Mostramos aquí cómo los sistemas de puntuación clínica e histológica (Tabla 1 y Tabla 2) guían a los científicos para cuantificar la gravedad de la EAU, validar la eficacia de los tratamientos y explorar el mecanismo de acción de los medicamentos. La fuga vascular también es una característica patológica del modelo y en la uveítis humana. Estamos mostrando ejemplos de fuga vascular de fluoresceína (Figura 3) como otro método para evaluar la enfermedad en este modelo.
Figura 1. Cronología esquemática de la progresión clínica e histológica de la enfermedad en EAU inducida por IRBP1-20 . Una línea de tiempo que marca el inicio de la infiltración y la progresión de IRBP1-20 indujo EAU hacia el pico de la enfermedad. A partir de la inmunización, los primeros signos de enfermedad clínica, detectados por imágenes fundoscópicas y análisis histopatológicos, caen entre los días 12-14. La enfermedad continuará progresando, de acuerdo con estos parámetros, hasta que se alcance un pico alrededor del día 21-23. Haga clic aquí para ver una versión más grande de esta figura.
Figura 2. Imágenes fundoscópicas representativas que se correlacionan con secciones histológicas en diferentes etapas de la enfermedad EAU inducida por IRBP1-20 en ratones C57BL / 6J. Imágenes clínicas fundoscópicas y de los tejidos correspondientes de C57BL/6J del mismo animal inmunizado con el péptido IRBP 1-20. (A y B) imágenes fundoscópicas y secciones histológicas del ojo obtenidas de ratones sanos e inyectados con CFA. La retina no tiene signos de inflamación y las secciones histológicas correspondientes muestran capas retinianas preservadas. (C) La imagen fundoscópica del ojo obtenida del ratón C57BL / 6J 14 días después de la inmunización demuestra signos clásicos de EAU, presentando hinchazón severa del disco óptico en la etapa temprana de la enfermedad, la histología correspondiente muestra células inmunes infiltrantes en el espacio vítreo. (D) Las imágenes fundoscópicas del ojo obtenidas de ratón C57BL / 6J 21 días después de la inmunización muestran signos de manguito de vasos e infiltración de poblaciones inmunes.
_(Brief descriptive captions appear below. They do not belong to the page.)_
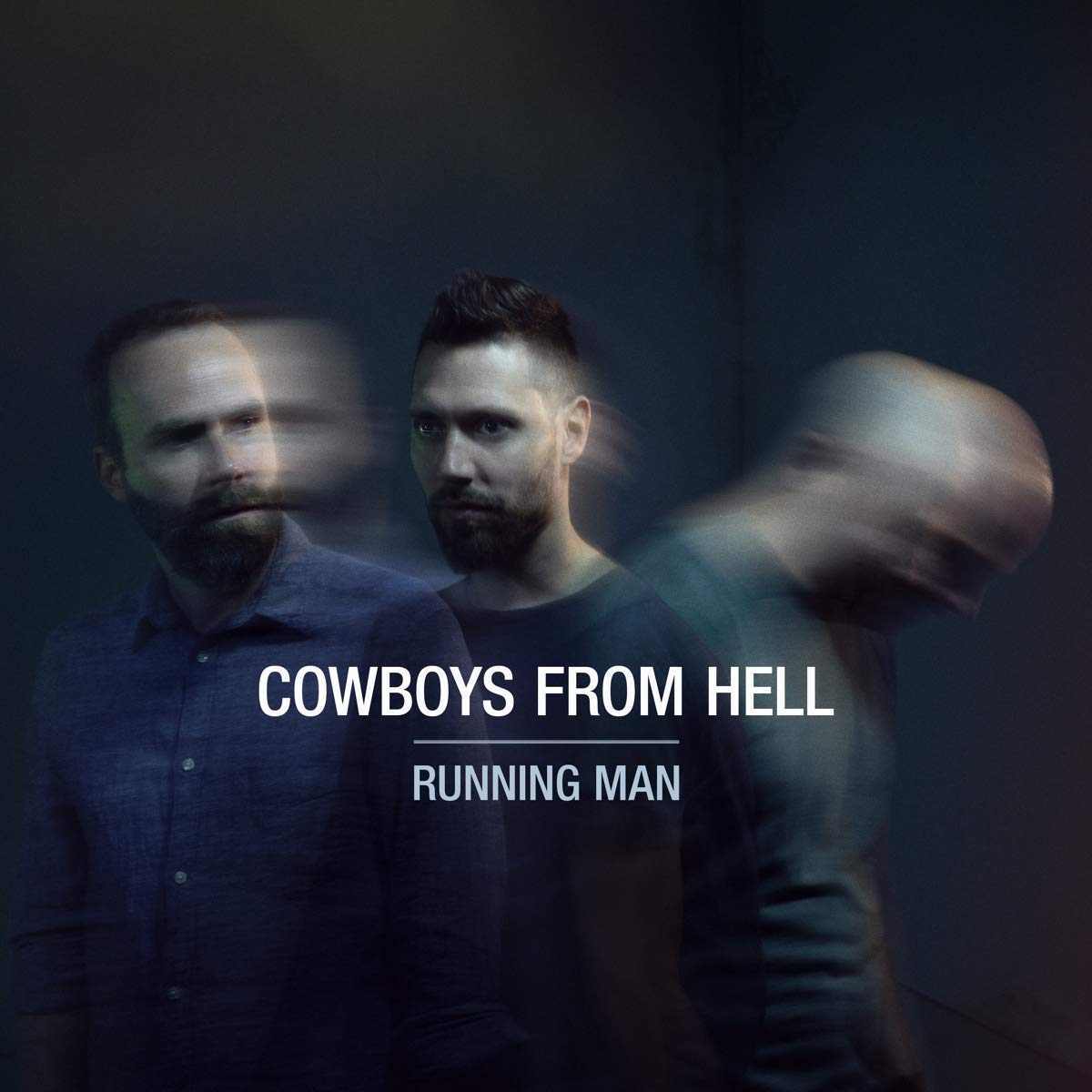 COWBOYS FROM HELL - Running Man cover 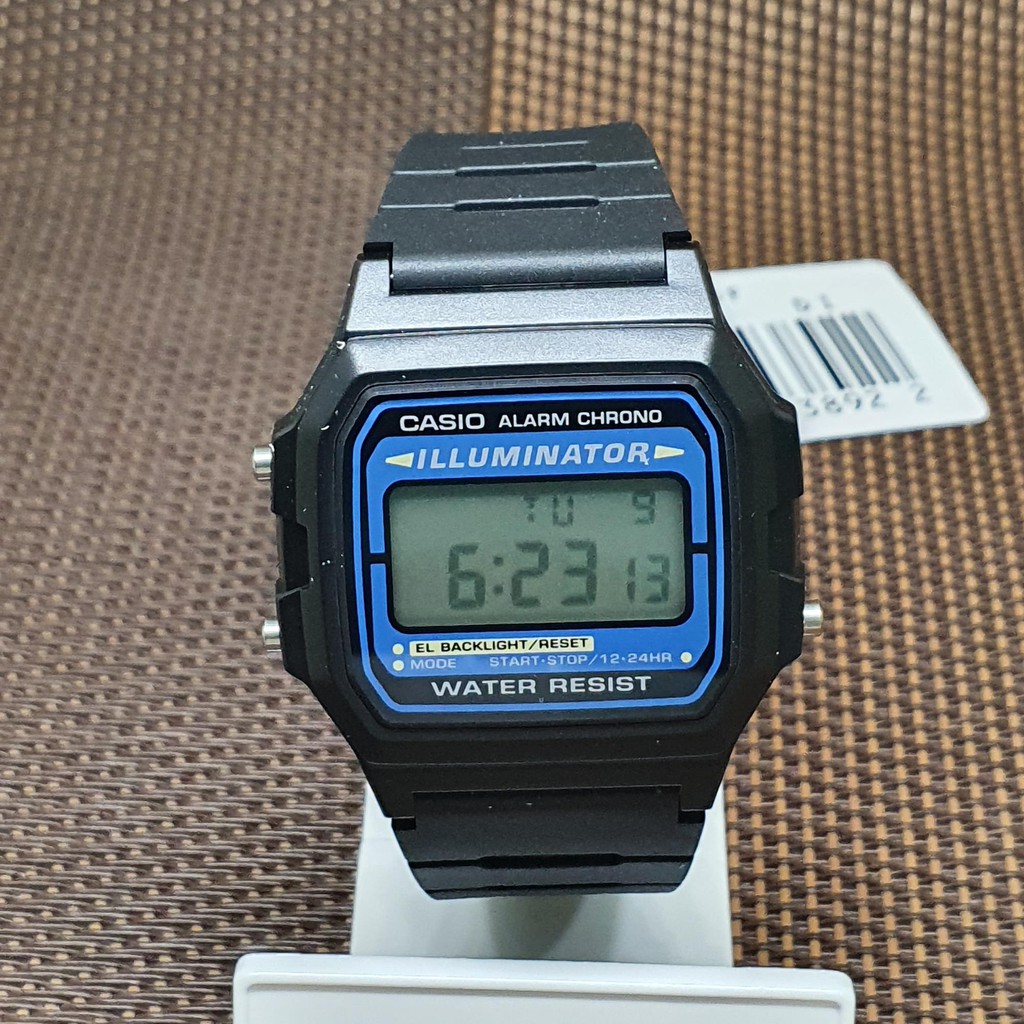 Reloj casio online f105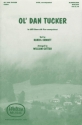 Ol' Dan Tucker SATB Chorpartitur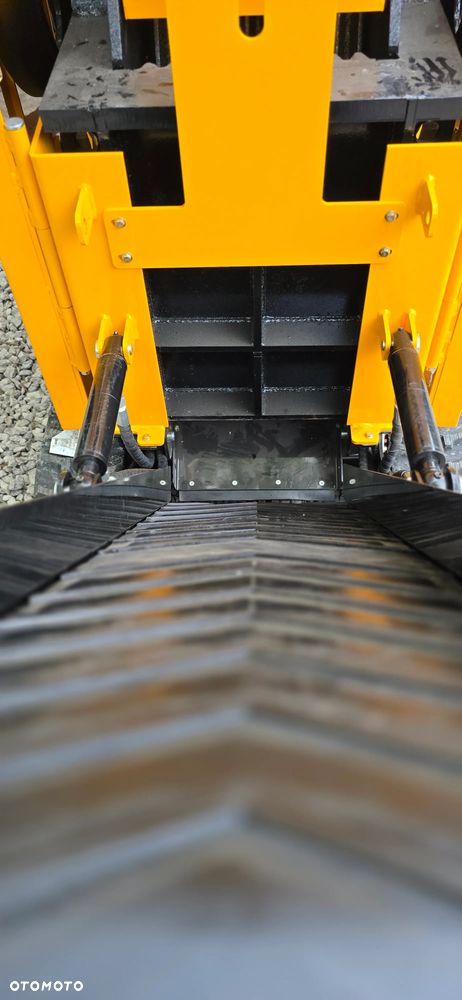Inny HTJC430 Minikruszarka nowa kruszarka szczękowa samojezdna do gruzu betonu kamienia - 13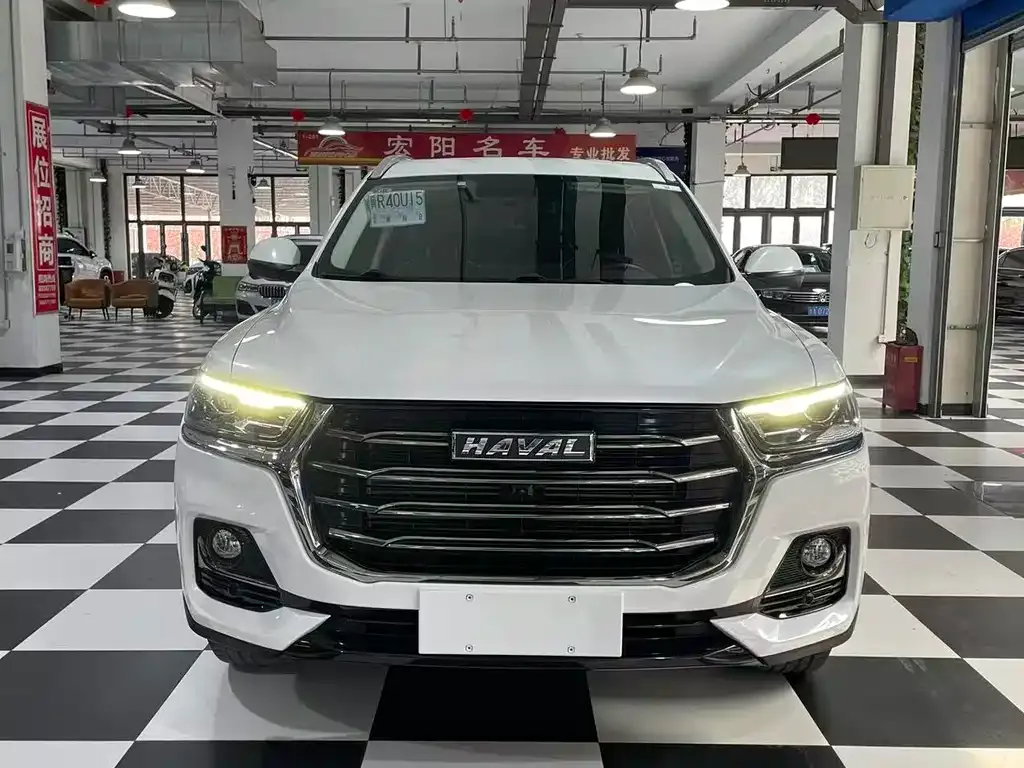 Haval H6 — фото 4
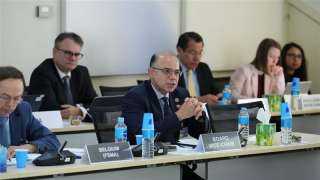 رئيس الرقابة المالية: نماذج إدارة الأزمات التقليدية لم تعد كافية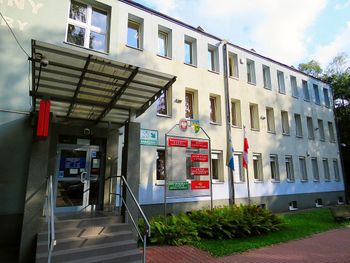 Dwie inwestycje zmienią gminę Psary. Rośnie centrum przesiadkowe
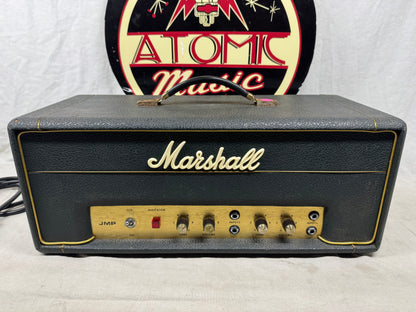 Marshall Model 1917 JMP PA20 pa p.a. 20-Watt Tube Amplifier Head 1970 - Local Pickup Only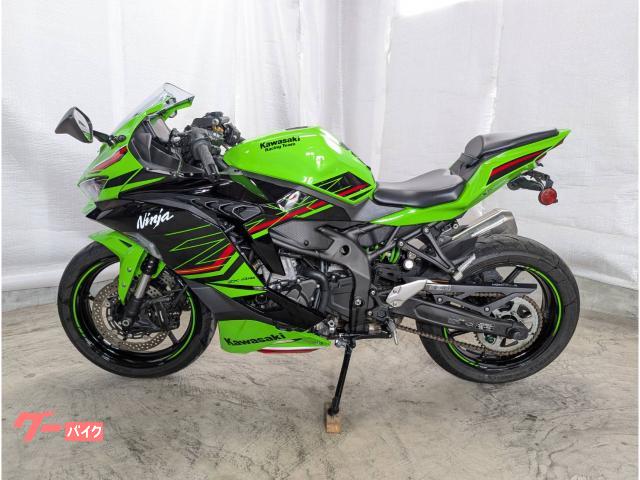 カワサキ Ninja ZX－4RR 8BL－ZX400P マルチバー
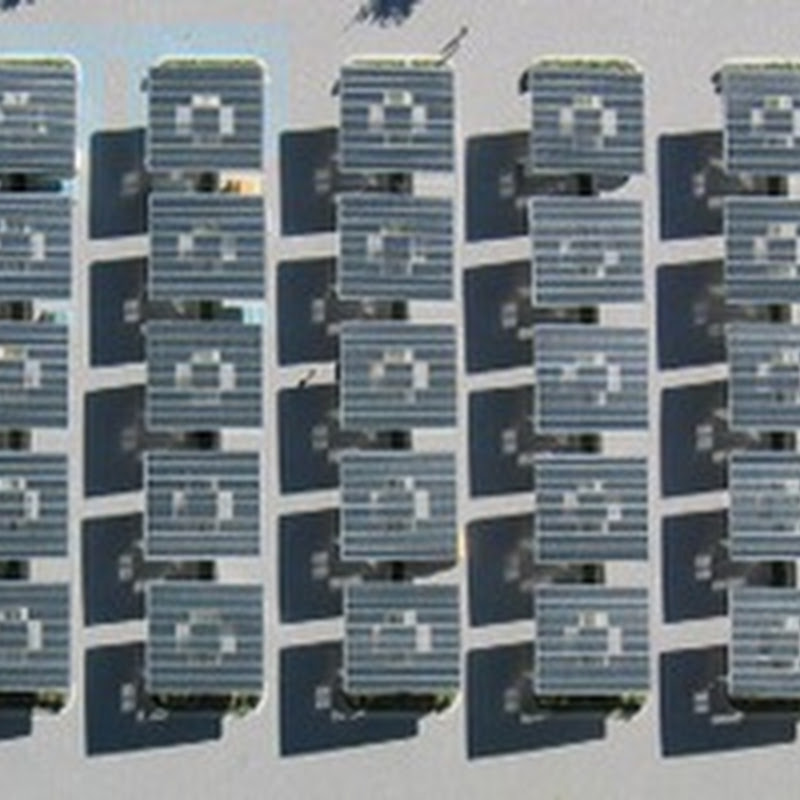 Zam Energy piensa instalar energía solar en todos los aparcamientos de los EE.UU.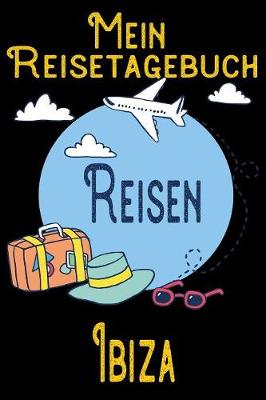 Book cover for Mein Reisetagebuch Ibiza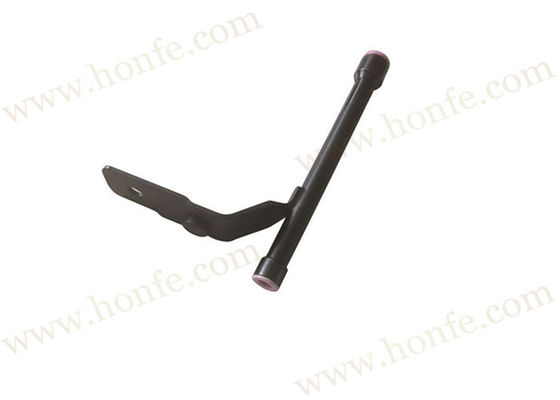 Steel Spare Parts For Sulzer Looms / Thread Guid Tube PS1454 911-814-013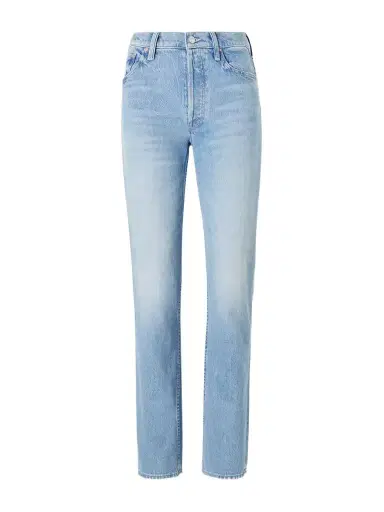 Mother The Tomcat Skimp High-rise Straight-leg Jeans | Thumbnail 1 Mother The Tomcat Skimp High-rise Straight-leg Jeans | Thumbnail 1
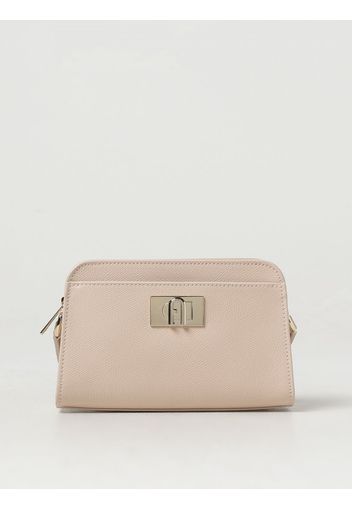 Borsa 1927 Furla in pelle a micro grana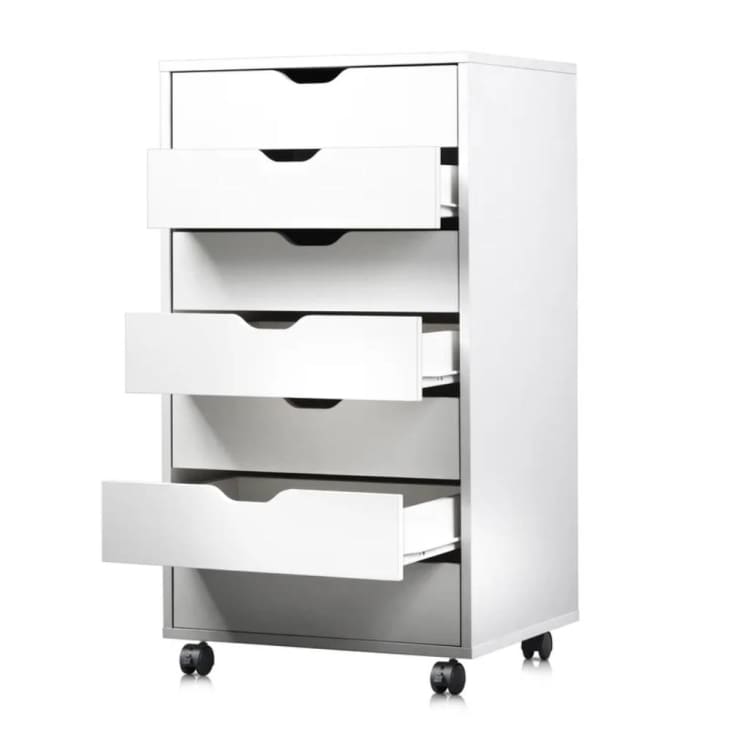 Product Image: Hamann 7 -Drawer Mobile File Cabinet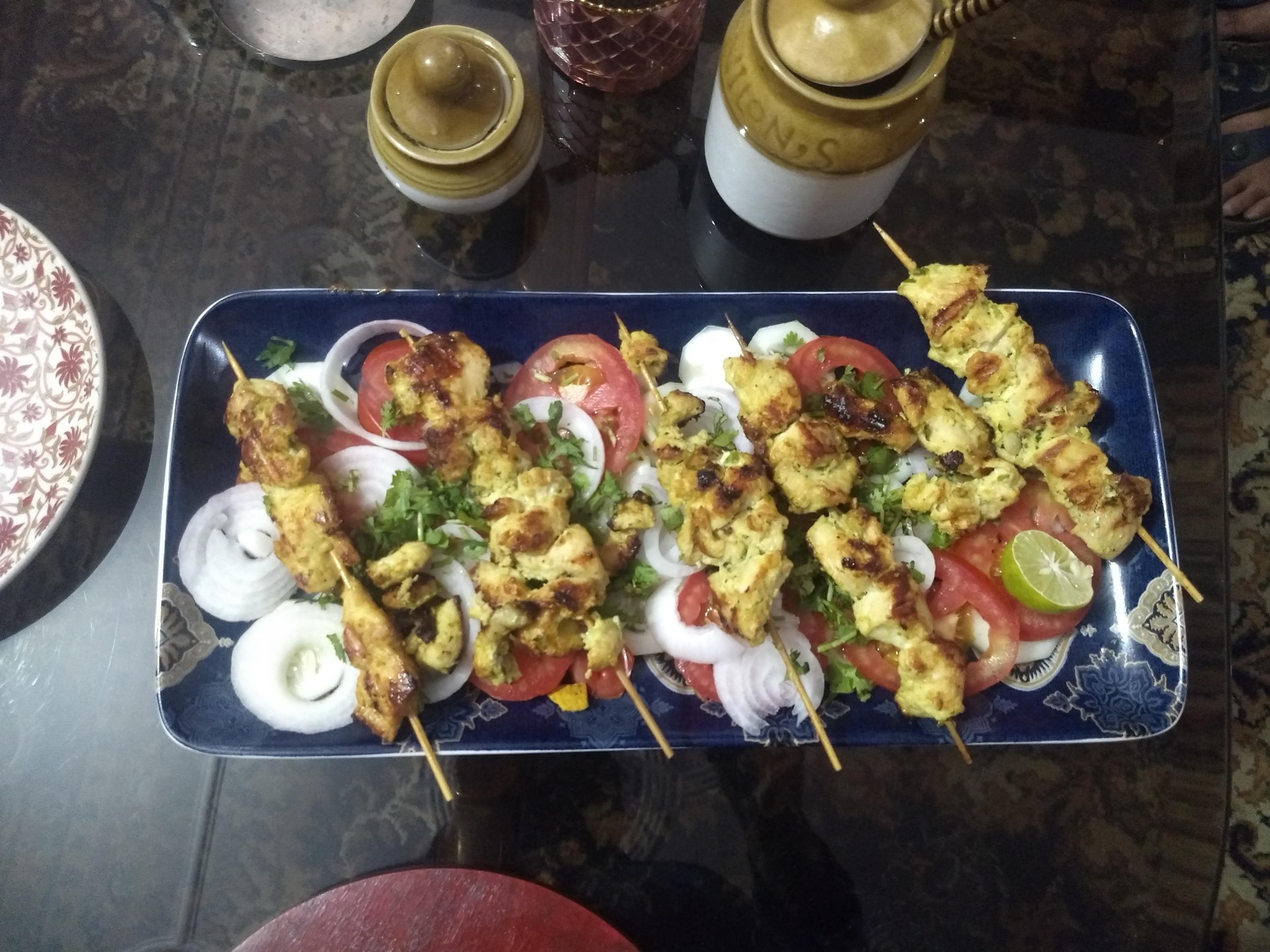 Learn and Enjoy: Homemade Street Snacks with Tea Tasting in a Local Home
Los datos histológicos demuestran cambios estructurales severos por plegamiento retiniano (flechas amarillas). V= vaso, O= disco óptico, R=retina, L=cristalino, Vit=vítreo,iO= disco óptico inflamado, iV= vaso inflamado, iR= retina inflamada, i= células infiltrantes en vítreo, RFs=pliegues retinianos. Haga clic aquí para ver una versión más grande de esta figura.
Figura 3. Imágenes representativas de angiografía fluorescente tomadas con el sistema de imágenes Micron III en el pico de la enfermedad. Los ratones C57BL / 6J se inyectaron por vía subcutánea con fluoresceína al 2% y se tomaron imágenes en varios puntos temporales después de la circulación del marcador. (A) CFA solo ratón de control tomado a los 1,5 y 7 minutos después de la administración de fluoresceína. (B) Imágenes representativas de IRBP1-20 ratones inmunizados tomados 1.5 y 7 minutos, respectivamente, después de recibir fluoresceína. La flecha blanca indica fugas del vaso. Haga clic aquí para ver una versión más grande de esta figura.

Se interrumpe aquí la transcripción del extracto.